Bill: Yes, yes, yes, but what about THIS movie?

ready to slowdance in your gloryhole

Fisty: This movie is a piece of shit, storywise. “Superbly made?” “Taut and suspenseful and full of twists that you will never see coming?” My ass. Screenwriters Doug Hall and Jon Huffman rely heavily on hood stereotypes like the Korean storekeeper, and on the “humorous” situation of non-black folks trying to jive-talk, like the record label rep, and of course that fucking Leprechaun. Also, our protagonists were pretty shittily written,though the actors inhabiting them were good, the characters themselves were pretty uninteresting; what is there really to like about people who suck so bad they have to resort to (stolen) magic to be successful? Or is that some kind of stupid moral? Wait, it can’t be, because the tired “twist” ending was really … well, I won’t ruin it for anyone. But umm, it was crappy.

That being said, I have a really low tolerance for low-budget, straight-to-video movies that suck, and I will admit I fully expected Leprechaun in the Hood to be one and to totally blow chunks, but it surprised me. Anthony Montgomery, Rashaan Nall, and Redd Grant turn in some excellent performances as the truly terrible trio of Postmaster P, Stray Bullet and Butch (wait, did they ever actually say the name of their act? WTF), and all the supporting actors (even Ice-T, who is honestly awful in everything) were damn fine, too, with special mention for Dan Martin as Jackie Dee. Even the humor was actually funny (in context), except when they’d get carried away with urbanizing the Leprechaun (“A friend with weed is a friend indeed?” “You must be trippin’?–fuck you, Leprechaun.)

what this movie's better on

Really, the production values in general were impressive, comparatively speaking, and I found myself reasonably amused throughout the whole thing–though it would have been better ON WEED–barring the Leprechaun’s rap finale, which was mortifying.

Bill: I was kidding! The movie is terrible! There’s no suspense at all! It’s full of silly plot holes like the Leprechaun summoning his Zombie Fly Girl to free him, when judging by the way he just popped out of his prison, he never actually needed to wait for her. The “urbanization” of the un-hip for laughs, like you said, is lame. It’s a hack bit and wasn’t funny when it was new, and the closing “rap” and the accompanying dance number is cringe-worthy. And why were all the “Fly Girls” white?! There was, like, one black girl! The club scenes showed the budget way more than I’d’ve liked, but lame club scenes are a pet peeve of mine.  There is some gore, but it’s mostly unimaginative.  Just some squibs mostly, with the exception of a great torso fist fuck and a nice gaping body cavity. It lacks in  comparison to some of the other Leprechaun movies (like the pot of Lucky Charms gold in the stomach from Part 2) and the similar Wishmaster movies. That little guy can do anything, so why limit him to straight-up, conventional physical violence? Though, I dug the hair pick in the throat. I just love the idea of a man being killed with his own afro pick.

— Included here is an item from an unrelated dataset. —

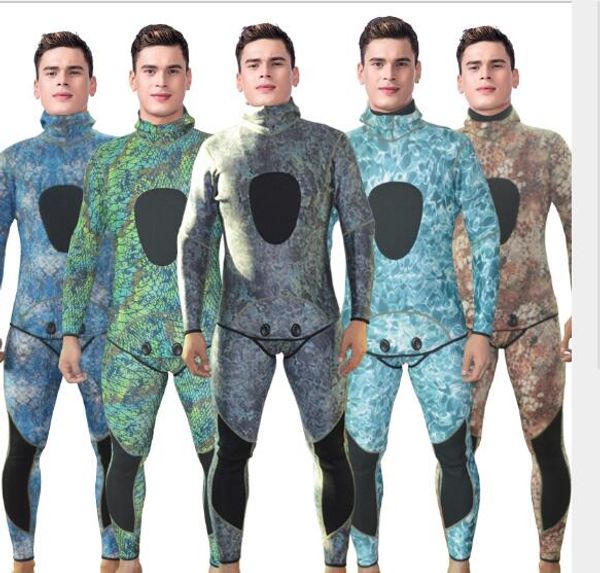 

camo color professional spearfishing wetsuits diving wetsuit two-piece glued and blind stitched, japan neoprene, oem service available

mama said there'd be days like this

I stand by what I said about the plot twists, however. They are unexpected, even if they’re totally ridiculous. I mean, who saw that last reel transvestism coming?! Oh,  and HOW DARE YOU say that Ice-T always sucks?! Surviving the Game? Johnny Mnemonic? TANK GIRL?!

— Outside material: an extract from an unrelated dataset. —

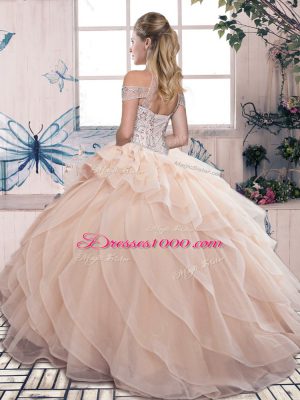 High-neck Sleeveless 15 Quinceanera Dress Floor Length Beading and Ruffled Layers Orange Organza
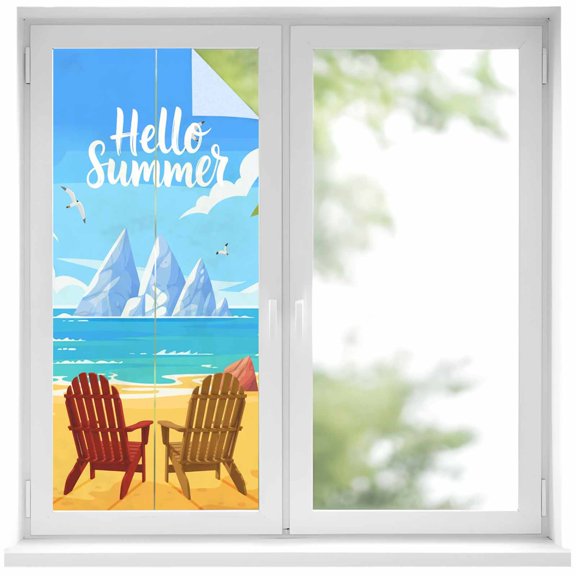 Hello Summer Window Privacy Film, Beach Sandy Chairs Bird Green Tree Coastal Frosted Glass Window Clings Static Cling UV Heat Blocking Reusable Door Sticker for Bathroom 19.6 x 39.3 Inch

Despite the shitty, I really did enjoy LitH. I genuinely liked Post and Butch and even Stray. Butch even more than the others. Poor virgin science dork Butch with his chemicals, flashlight glasses, and Leprechauns for Dummies book. “Not in a dress … Do you think there’s pussy in heaven?” I liked that they were losers that had to use a magic flute to get ahead. If this movie was made now, instead of 10 or 11 years ago, I would absolutely say that the flute was a metaphor for auto-tune or other studio tinkering of vocals. It’s a neat reversal of reality that these losers could win anyone’s approval with a stage performance, but the sound of the flute couldn’t be duplicated with electronic equipment. They were funny, too. I laughed aloud very shrilly at their religious rap and at a few of the silly lines they dropped. I didn’t even mind most of the leprechaun’s blackifacations and got a nice chuckle at his shout out to MLK Jr with “Free at last, free at last! Thank God Almighty, I’m free at last,” upon being released from his stone form.

criss cross'll make him ...

Fisty: Well, you are a better man than I, brother. Also, technically auto-tune WAS being used a decade ago. Only then it was used to make talentless somebodies listenable, and now it’s an effect, a total gimmick (though yes, it still masks imperfections. Refer to Jay-Z’s “D.O.A. (Death of Auto-Tune),” if you please. Which kind of does make this movie a total metaphor for the music industry. Huh.

Speaking of the music industry, I love that Coolio is listed as a “co-star” in LitH, when he appears in it for all of eight seconds. I counted. There is seriously no point to his being there, he doesn’t even speak, just looks confused. I suppose he’s in it just so they can say, “Starring Coolio!” but it’s so silly. Postmaster P even calls it out, saying, “Yo, that’s Coolio!” Why, thank you for noticing, young man. In the movie that is MY life, he was even on screen longer than eight seconds. (We were having late-night happy hour at my favorite dim sum place, Wong’s King when my husband looked at a guy walking past and said, “Yo, that’s Coolio!” I said, “Baby, not every black man with stupid hair is Coolio. Why are you so racist?” But it actually was Coolio, having a post-show dinner in the next room; I won’t bore you with the details. But that interlude was LONGER THAN HIS APPEARANCE IN THIS MOVIE. And since you’re not me, the time it took to read this paragraph was longer, too!)

even coolio doesn't know why he's there

Bill: Your life is so much more interesting than mine. Though, I do have Claudio Simonetti as a Farmville neighbor. I was never a big Coolio fan anyway. “Gangsta’s Paradise” is such trite shit. Boohoo, a gangsta’s life is so tragic that I have to use simplistic rhymes like see/me to make my cliche point. And that damn Michelle Pfeiffer movie … Blah! It’s piffle, a cushy suburbanite’s idea of ghetto tragedy. LitH isn’t any more authentic. It feels like it was made by white people that like hood movies for white people that like hood movies, like me. Whereas, the old blaxploitation horrors and Def by Temptation (my personal fave hood horror) were actually made to appeal to a black audience. Still, it’s not an un-fun movie. Not as good as any of Snoop’s entries into the subgenre or Def or even Tales from the Hood, but it’s for damn sure way more entertaining than Dangerous Minds.

Fisty: Talk about ersatz!

And look at how we only talked about the hood aspect of Leprechaun in the Hood, while the poor Irish were left out in the cold yet AGAIN. Thank god we have Saint Patrick’s Day to remind us of all the suffering the Irish have undergone since first arriving in this country.